What this stack does at 3 a.m.
When something breaks:
- Argo CD UI tells me the application is
OutOfSyncorDegraded. I see immediately what changed, by whom, when, diffed against the desired state. - Git history tells me what changed in the desired state. Last commit, last PR, who approved it.
- If the desired state is wrong, I revert the commit. Argo CD reconciles within a minute. Production is back.
- If the desired state is right but reality is wrong (a node crashed, a PVC got into ReadOnly mode, whatever), I pause reconciliation on the affected cluster (thank you, 3.4), fix the underlying problem, unpause.
- At no point do I need to remember which deployment was in
which namespace, which Helm release name maps to which chart, or
whether someone
kubectl edit-ed something three weeks ago and forgot to update the repo.
That’s it.

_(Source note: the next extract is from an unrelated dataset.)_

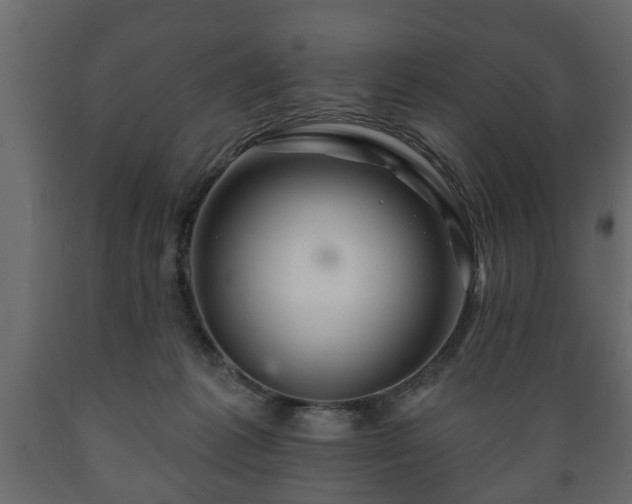 X0000089910221200707061005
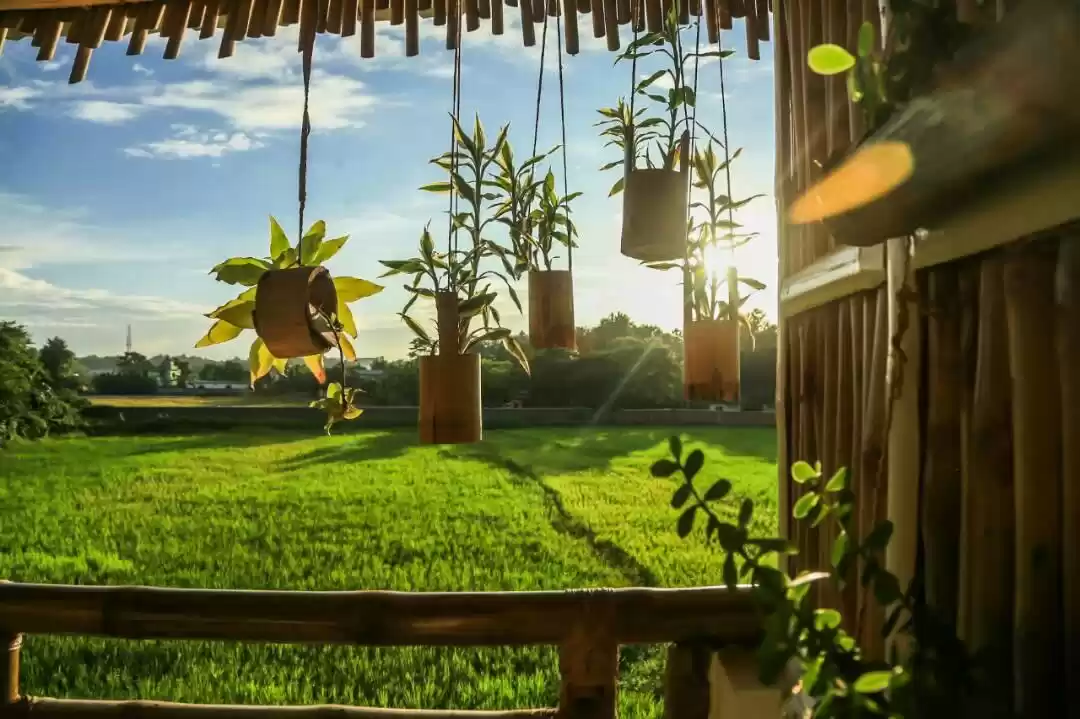 Photo of Longchen Homest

That’s the whole pitch. The tooling earns its place by making 3 a.m. survivable, not by being interesting at 10 a.m. when nothing is on fire.
Closing
GitOps isn’t a religion. It’s a reconciliation loop and a discipline about where state lives. Argo CD 3.4 is the rare piece of operations tooling that genuinely improves your worst day. Paired with Helm 4 for packaging and Git for the audit trail, it’s the stack I’d put on every production Kubernetes cluster I’m responsible for — and have.
The version numbers will move on. The architecture won’t.